#### [DIRECTIONS FOR THIS TASK]
Every line below is to be set down again exactly; any image stays out.
Top of GIVEN RECORDS
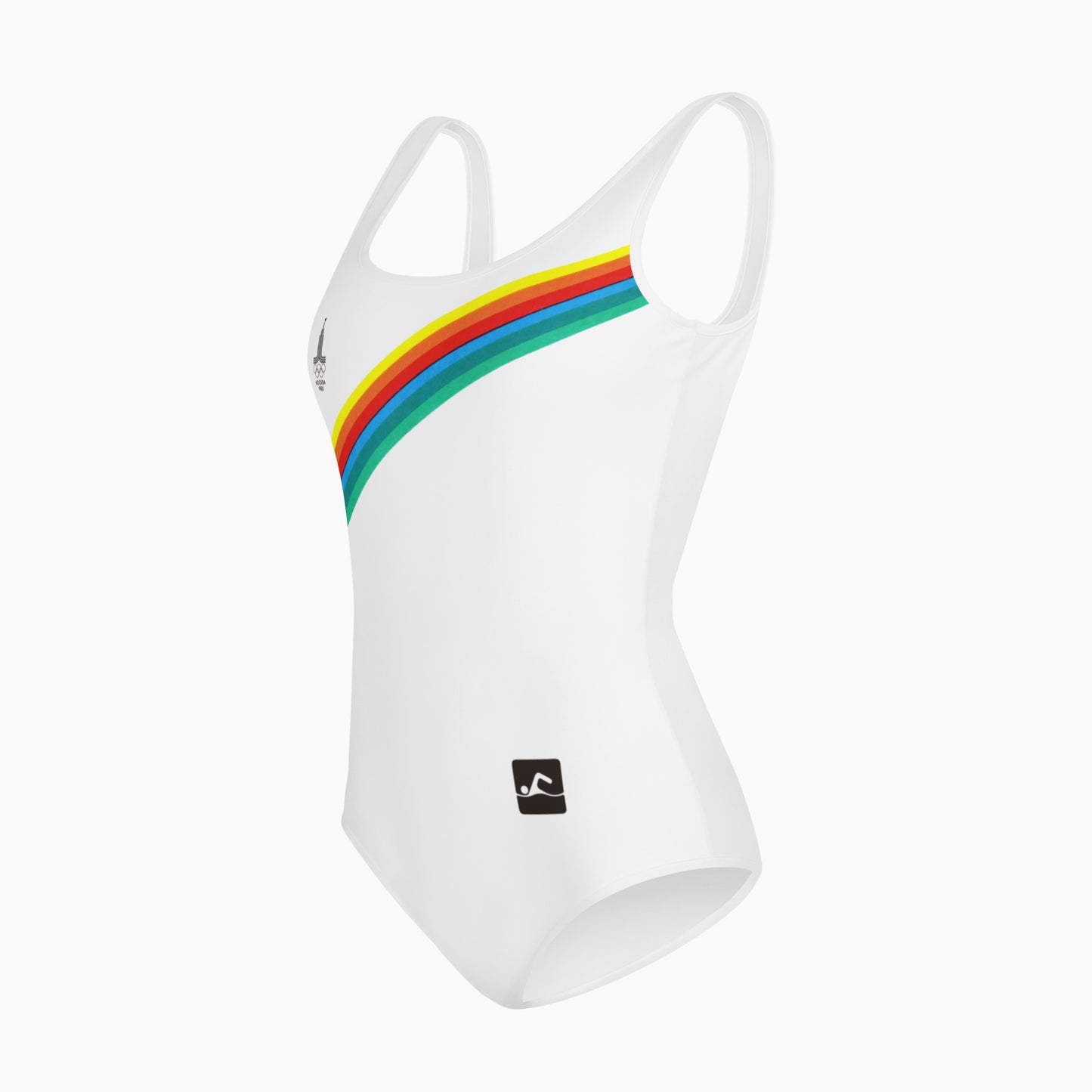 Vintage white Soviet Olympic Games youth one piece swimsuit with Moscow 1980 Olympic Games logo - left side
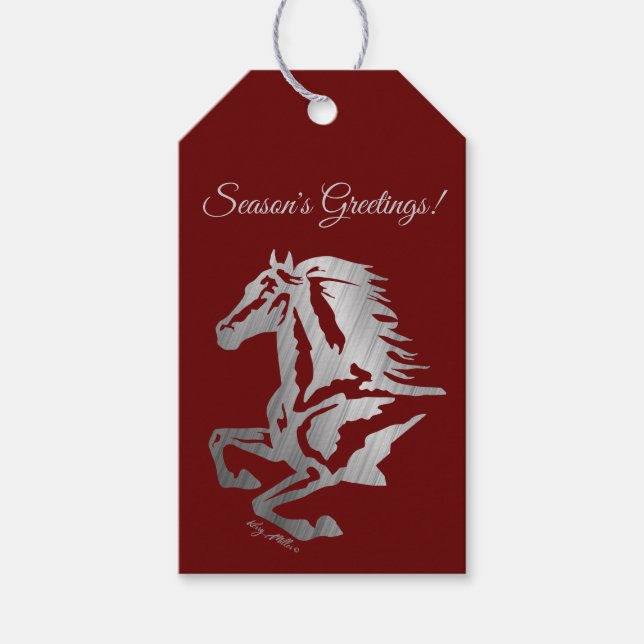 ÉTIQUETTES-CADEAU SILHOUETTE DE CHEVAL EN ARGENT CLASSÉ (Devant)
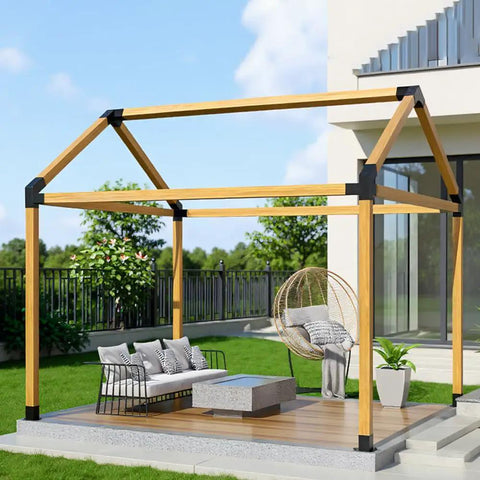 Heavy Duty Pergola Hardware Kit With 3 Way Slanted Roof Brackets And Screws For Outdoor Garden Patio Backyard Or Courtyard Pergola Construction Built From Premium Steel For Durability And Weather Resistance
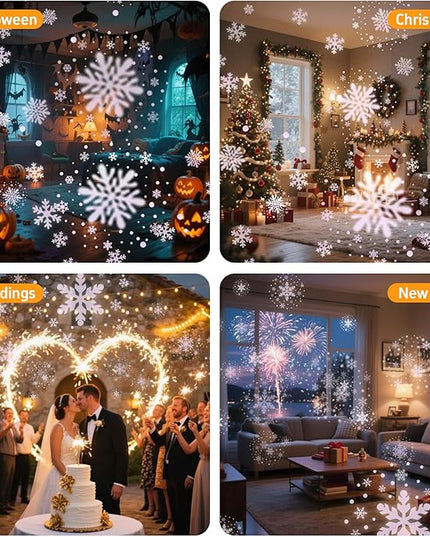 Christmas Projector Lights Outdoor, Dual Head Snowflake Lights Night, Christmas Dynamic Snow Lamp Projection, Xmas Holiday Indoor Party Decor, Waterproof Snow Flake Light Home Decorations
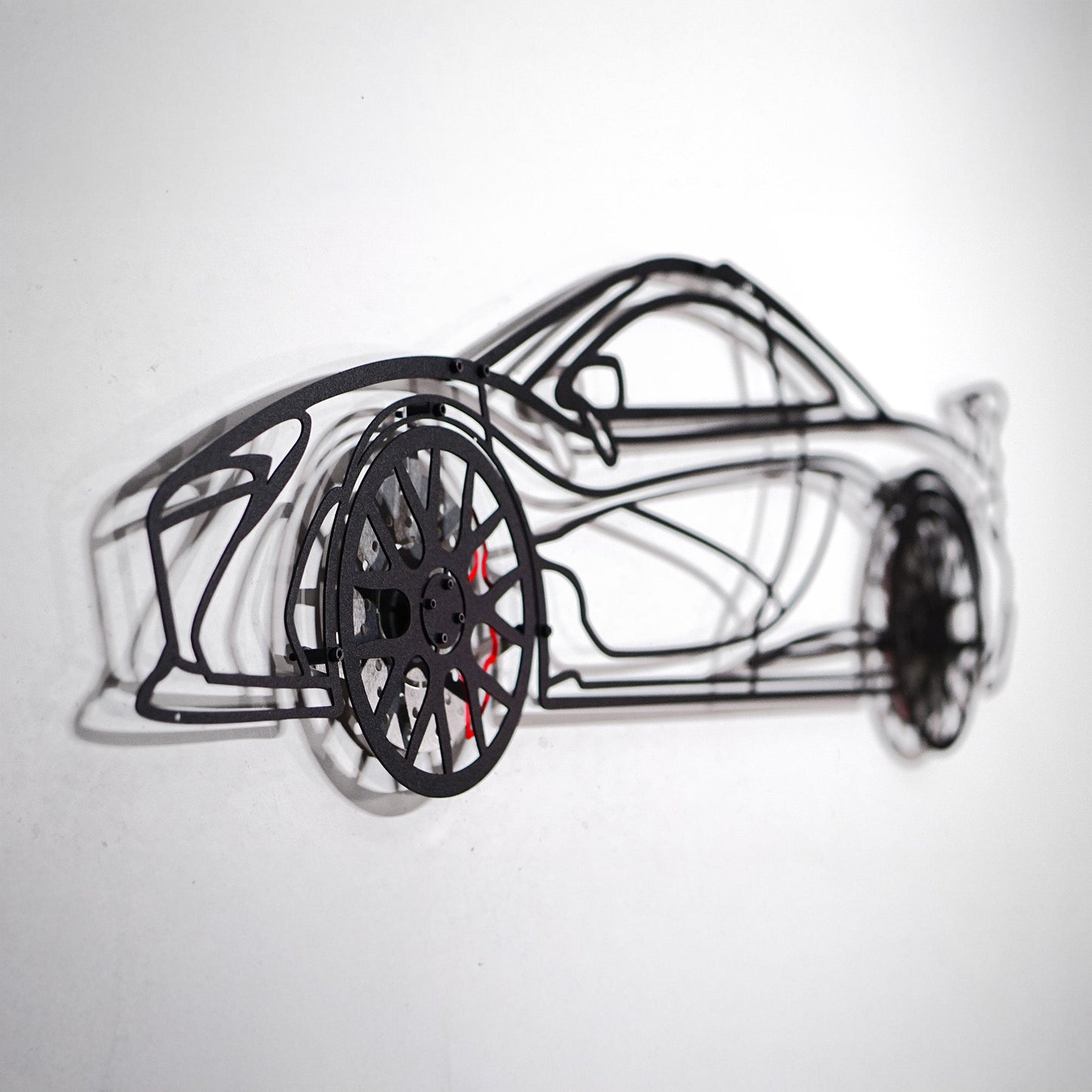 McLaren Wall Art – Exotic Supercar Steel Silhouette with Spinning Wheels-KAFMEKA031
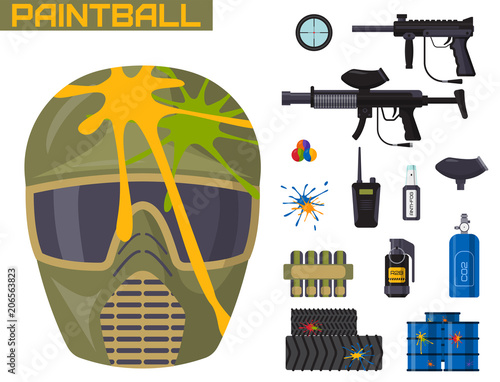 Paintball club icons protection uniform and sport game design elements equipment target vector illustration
Bottom of GIVEN RECORDS
#### [EXPECTED ANSWER]
 Vintage white Soviet Olympic Games youth one piece swimsuit with Moscow 1980 Olympic Games logo - left side
 ÉTIQUETTES-CADEAU SILHOUETTE DE CHEVAL EN ARGENT CLASSÉ (Devant)
 Heavy Duty Pergola Hardware Kit With 3 Way Slanted Roof Brackets And Screws For Outdoor Garden Patio Backyard Or Courtyard Pergola Construction Built From Premium Steel For Durability And Weather Resistance
 Christmas Projector Lights Outdoor, Dual Head Snowflake Lights Night, Christmas Dynamic Snow Lamp Projection, Xmas Holiday Indoor Party Decor, Waterproof Snow Flake Light Home Decorations
 McLaren Wall Art – Exotic Supercar Steel Silhouette with Spinning Wheels-KAFMEKA031
 Paintball club icons protection uniform and sport game design elements equipment target vector illustration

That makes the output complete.